I am currently in a tea room in Weymouth trying not to cry with laughter. Shoppaholic and Historymystery, where would I be without you looking out for my welfare!
 
Oh by the way - to make the bid tv reality check - I did notice the one and only cheeky chappy - Charlie Charleston himself in very low definition on Hochanda.
 
Oh by the way - to make the bid tv reality check - I did notice the one and only cheeky chappy - Charlie Charleston himself in very low definition on Hochanda.
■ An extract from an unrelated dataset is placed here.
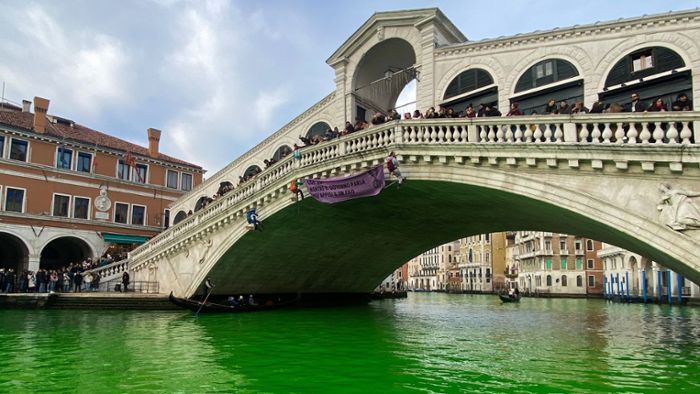 Klimaaktivisten färben Kanal in Venedig grün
I hope he was wearing his lumberjack shirt. He always wore it on Bid to prove his manliness whilst selling power tools.
 
Muttley, you have fallen by the wayside in holidaying somewhere without access to IW, but shopperholic and I are willing to forgive you if you repent. Just for you, we have booked a Poward Day on IW to celebrate your return to the IW fold; this will include: a runs-down (oops, sorry, run-down) on the internal "plumbing" situation (aka 'Nutribullet News' or 'Bowels Bulletin'), a warehouse sale of spray-on trousers for men with legs like sparrows elbows (as worn and endorsed by Howard) - and Pope Pete hosting a "painting by numbers paint your own Kinkycade" hour, offer to include 5 gallons of best emulsion paint and a paint scraper.

I am glad I have your forgiveness! Rest assured I will watch all day on my return as punishment!
 
Oh by the way - to make the bid tv reality check - I did notice the one and only cheeky chappy - Charlie Charleston himself in very low definition on Hochanda.

Ah yes Charlie, jumped the BidTv ship as it was sinking but still floating round shopping telly. He always tried to make out he was an honest sort of guy, just didn't translate while selling dodgy BidTv crap.